[[ Input data, beginning ]]

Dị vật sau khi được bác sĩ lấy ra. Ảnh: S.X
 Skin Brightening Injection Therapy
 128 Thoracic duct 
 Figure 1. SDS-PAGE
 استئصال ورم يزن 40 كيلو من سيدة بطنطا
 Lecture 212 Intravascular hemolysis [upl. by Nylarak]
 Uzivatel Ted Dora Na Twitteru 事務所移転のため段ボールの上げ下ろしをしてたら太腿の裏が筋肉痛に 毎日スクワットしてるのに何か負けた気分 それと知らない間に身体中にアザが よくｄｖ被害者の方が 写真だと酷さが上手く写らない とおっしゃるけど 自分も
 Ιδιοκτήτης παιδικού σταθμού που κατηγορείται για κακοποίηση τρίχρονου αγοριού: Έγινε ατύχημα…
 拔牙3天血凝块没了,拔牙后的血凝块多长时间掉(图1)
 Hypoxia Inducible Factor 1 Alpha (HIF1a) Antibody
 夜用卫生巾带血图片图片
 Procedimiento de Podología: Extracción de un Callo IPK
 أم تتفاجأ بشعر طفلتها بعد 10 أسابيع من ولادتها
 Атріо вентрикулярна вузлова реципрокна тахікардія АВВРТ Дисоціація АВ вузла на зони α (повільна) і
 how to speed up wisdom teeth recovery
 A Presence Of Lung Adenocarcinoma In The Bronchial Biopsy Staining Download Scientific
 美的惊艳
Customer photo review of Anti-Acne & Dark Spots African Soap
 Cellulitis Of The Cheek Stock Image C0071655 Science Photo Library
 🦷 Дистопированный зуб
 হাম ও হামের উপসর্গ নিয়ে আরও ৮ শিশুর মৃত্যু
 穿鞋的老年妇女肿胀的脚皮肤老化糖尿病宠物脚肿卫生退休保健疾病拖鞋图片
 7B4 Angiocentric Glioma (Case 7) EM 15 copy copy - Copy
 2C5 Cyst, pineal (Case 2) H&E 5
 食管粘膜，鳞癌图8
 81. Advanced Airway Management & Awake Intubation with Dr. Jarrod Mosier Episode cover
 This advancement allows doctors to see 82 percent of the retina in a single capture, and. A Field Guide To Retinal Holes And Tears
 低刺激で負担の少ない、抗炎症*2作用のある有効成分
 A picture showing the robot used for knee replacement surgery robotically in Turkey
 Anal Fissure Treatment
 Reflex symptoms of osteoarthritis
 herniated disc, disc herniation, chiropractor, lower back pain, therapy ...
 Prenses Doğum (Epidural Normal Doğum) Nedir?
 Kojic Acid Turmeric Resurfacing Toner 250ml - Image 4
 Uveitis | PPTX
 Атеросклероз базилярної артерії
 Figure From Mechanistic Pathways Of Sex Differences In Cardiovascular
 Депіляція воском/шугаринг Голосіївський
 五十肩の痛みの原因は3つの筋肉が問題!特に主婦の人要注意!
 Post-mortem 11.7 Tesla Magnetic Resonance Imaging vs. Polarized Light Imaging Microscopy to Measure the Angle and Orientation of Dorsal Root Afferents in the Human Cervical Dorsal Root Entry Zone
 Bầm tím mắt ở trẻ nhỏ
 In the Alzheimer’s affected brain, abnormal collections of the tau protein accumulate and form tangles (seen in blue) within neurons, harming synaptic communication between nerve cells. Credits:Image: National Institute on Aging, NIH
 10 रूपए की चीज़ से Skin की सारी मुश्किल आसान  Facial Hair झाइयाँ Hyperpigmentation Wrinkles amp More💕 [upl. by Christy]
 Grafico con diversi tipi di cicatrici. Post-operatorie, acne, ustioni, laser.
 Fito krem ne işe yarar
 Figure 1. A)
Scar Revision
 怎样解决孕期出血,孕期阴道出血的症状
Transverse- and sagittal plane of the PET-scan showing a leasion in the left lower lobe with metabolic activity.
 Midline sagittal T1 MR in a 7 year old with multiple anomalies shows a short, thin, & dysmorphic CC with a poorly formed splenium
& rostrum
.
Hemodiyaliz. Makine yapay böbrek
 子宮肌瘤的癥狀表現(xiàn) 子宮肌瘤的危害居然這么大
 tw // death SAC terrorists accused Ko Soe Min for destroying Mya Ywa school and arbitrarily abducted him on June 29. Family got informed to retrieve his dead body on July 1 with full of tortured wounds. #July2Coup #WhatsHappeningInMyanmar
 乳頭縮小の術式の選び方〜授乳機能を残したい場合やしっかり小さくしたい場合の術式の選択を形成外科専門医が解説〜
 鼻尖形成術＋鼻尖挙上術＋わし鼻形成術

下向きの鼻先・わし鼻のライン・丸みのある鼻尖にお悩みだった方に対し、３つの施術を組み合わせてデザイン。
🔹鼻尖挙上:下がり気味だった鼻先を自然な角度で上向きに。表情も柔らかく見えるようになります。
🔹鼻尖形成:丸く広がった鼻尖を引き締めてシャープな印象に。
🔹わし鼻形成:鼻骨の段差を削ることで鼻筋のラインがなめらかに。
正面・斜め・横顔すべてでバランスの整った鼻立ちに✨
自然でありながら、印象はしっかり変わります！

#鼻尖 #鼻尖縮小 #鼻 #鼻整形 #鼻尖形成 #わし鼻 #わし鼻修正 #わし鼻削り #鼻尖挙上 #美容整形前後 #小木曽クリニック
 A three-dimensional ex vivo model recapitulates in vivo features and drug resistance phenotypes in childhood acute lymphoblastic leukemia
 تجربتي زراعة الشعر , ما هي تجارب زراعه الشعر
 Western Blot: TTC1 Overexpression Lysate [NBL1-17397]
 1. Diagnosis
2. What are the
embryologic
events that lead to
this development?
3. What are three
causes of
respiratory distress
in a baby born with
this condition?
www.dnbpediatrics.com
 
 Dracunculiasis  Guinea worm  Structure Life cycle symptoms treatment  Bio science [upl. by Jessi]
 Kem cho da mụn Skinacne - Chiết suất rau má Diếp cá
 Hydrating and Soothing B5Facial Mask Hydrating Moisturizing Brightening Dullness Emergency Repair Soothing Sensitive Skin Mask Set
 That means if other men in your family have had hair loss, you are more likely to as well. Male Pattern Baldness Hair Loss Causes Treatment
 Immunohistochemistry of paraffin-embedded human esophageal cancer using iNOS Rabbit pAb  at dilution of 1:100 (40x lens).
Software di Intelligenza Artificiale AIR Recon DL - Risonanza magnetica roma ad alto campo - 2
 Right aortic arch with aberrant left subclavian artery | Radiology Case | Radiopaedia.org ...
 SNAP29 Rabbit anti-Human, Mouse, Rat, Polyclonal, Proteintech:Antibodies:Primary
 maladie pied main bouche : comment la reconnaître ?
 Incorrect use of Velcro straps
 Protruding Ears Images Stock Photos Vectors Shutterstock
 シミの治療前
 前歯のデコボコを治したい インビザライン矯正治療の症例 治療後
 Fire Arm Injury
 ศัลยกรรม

[[ Input data, end ]]

• Problem:
After locating the line holding "Grafico con diversi" above, output exactly that line and every line after it through the line holding "子宮肌瘤的癥狀表現(xiàn) 子宮肌瘤的危害居然這么大". Include nothing else.

• Your response:
 Grafico con diversi tipi di cicatrici. Post-operatorie, acne, ustioni, laser.
 Fito krem ne işe yarar
 Figure 1. A)
Scar Revision
 怎样解决孕期出血,孕期阴道出血的症状
Transverse- and sagittal plane of the PET-scan showing a leasion in the left lower lobe with metabolic activity.
 Midline sagittal T1 MR in a 7 year old with multiple anomalies shows a short, thin, & dysmorphic CC with a poorly formed splenium
& rostrum
.
Hemodiyaliz. Makine yapay böbrek
 子宮肌瘤的癥狀表現(xiàn) 子宮肌瘤的危害居然這么大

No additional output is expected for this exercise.